--- Information Enclosed Below ---

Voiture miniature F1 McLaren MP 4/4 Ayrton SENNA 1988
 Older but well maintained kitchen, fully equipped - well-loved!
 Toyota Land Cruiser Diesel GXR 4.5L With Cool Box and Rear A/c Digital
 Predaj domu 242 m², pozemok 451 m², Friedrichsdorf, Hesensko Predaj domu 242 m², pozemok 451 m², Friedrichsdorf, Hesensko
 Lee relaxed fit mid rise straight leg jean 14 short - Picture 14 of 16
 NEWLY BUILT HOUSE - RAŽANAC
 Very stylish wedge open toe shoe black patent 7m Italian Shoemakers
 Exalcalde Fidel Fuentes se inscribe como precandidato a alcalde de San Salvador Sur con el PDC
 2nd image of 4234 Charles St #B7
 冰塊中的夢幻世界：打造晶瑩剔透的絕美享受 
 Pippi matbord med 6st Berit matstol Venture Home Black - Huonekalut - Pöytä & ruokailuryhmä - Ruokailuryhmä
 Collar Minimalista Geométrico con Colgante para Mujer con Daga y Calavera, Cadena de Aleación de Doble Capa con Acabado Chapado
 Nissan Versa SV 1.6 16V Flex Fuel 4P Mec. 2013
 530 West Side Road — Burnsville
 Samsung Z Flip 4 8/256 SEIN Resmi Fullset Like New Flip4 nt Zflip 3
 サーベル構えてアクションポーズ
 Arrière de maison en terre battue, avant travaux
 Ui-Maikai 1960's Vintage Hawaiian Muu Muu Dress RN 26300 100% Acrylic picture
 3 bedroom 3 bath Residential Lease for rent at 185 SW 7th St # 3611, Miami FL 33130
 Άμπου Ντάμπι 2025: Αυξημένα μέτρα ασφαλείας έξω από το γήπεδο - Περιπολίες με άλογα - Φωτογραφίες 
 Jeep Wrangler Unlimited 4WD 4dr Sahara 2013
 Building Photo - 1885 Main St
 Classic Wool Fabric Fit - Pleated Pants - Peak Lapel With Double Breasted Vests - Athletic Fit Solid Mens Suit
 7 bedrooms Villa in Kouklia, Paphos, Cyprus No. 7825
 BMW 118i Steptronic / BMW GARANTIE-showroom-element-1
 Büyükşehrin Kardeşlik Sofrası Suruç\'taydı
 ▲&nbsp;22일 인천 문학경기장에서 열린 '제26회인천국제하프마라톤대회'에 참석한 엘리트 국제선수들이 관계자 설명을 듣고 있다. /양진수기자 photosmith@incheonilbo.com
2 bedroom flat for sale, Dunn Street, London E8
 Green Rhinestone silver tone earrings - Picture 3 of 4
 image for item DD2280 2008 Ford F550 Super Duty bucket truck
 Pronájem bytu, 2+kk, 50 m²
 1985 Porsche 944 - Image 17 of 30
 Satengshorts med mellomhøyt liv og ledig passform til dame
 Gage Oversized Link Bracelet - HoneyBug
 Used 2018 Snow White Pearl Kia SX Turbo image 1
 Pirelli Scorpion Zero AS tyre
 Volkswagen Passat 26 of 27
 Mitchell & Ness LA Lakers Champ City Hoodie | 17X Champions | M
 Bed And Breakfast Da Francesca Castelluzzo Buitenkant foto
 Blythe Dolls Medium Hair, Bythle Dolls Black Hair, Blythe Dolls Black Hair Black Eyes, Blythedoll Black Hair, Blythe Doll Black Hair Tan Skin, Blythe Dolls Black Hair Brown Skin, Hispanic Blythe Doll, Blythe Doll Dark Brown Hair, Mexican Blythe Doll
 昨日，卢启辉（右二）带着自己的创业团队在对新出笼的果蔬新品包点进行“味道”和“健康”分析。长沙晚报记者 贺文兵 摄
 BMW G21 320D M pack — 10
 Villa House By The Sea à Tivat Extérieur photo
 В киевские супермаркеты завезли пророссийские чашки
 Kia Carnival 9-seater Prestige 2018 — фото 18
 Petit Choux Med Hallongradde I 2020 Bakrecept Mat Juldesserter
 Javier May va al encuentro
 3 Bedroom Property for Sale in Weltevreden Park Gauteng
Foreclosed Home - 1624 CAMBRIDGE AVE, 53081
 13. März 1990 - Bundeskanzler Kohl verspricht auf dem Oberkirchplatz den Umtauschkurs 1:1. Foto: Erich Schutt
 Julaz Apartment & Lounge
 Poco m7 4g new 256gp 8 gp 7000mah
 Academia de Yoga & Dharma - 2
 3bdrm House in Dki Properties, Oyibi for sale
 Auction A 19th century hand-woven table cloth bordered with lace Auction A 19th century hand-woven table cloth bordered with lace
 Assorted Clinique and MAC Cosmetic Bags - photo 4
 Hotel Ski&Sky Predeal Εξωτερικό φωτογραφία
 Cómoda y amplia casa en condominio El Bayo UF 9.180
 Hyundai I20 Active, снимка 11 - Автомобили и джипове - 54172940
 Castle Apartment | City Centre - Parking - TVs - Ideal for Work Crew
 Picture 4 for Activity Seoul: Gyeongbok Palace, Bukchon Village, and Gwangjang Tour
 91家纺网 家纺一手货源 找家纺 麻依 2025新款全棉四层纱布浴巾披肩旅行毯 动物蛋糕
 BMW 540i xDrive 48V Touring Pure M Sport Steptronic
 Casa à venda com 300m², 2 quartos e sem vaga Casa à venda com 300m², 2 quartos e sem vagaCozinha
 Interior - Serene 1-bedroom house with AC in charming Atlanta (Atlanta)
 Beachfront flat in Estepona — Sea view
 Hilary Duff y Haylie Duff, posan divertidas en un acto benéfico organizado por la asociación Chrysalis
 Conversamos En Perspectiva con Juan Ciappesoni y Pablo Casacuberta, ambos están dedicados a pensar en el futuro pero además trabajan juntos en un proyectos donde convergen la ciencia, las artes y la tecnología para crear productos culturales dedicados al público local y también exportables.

--- End of Enclosed Information ---

### Task prompt:
Please say how many lines in the records above contain the word "City". Give the number alone.

### Answer to the exercise:
2